**Data segment**
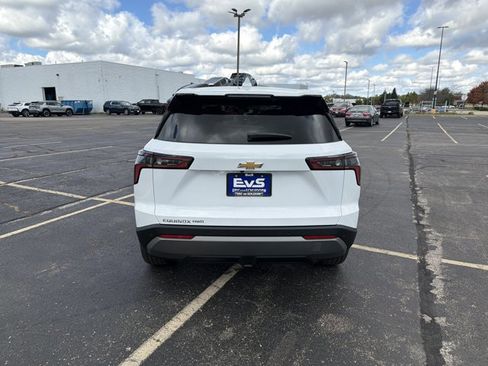 New 2026 Chevrolet Equinox LT w/ Convenience Package II image 6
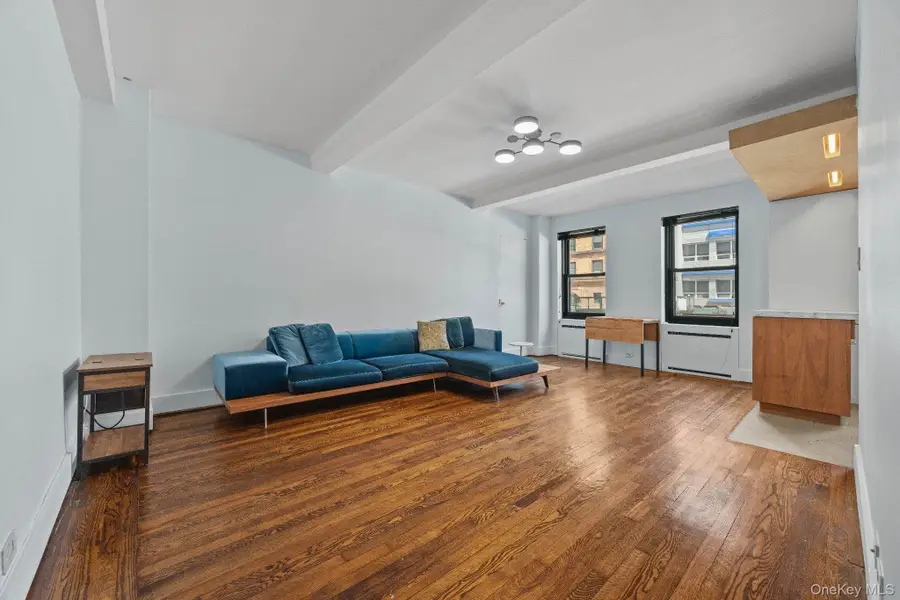 300 W 23rd Street #2K, Manhattan, NY 10011 - Image #2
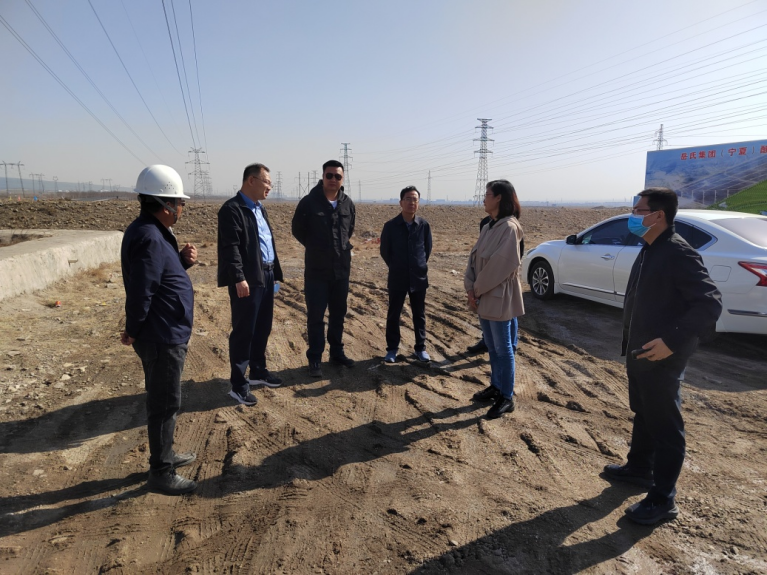 石嘴山市科技局黨組書記、局長周福禎，惠農區委常委、組織部部長杜春紅到興康恒潤調研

**What is being asked**
When a line carries an image, skip the image and repeat everything else above exactly as written.

**Answer box**
 New 2026 Chevrolet Equinox LT w/ Convenience Package II image 6
 300 W 23rd Street #2K, Manhattan, NY 10011 - Image #2
 石嘴山市科技局黨組書記、局長周福禎，惠農區委常委、組織部部長杜春紅到興康恒潤調研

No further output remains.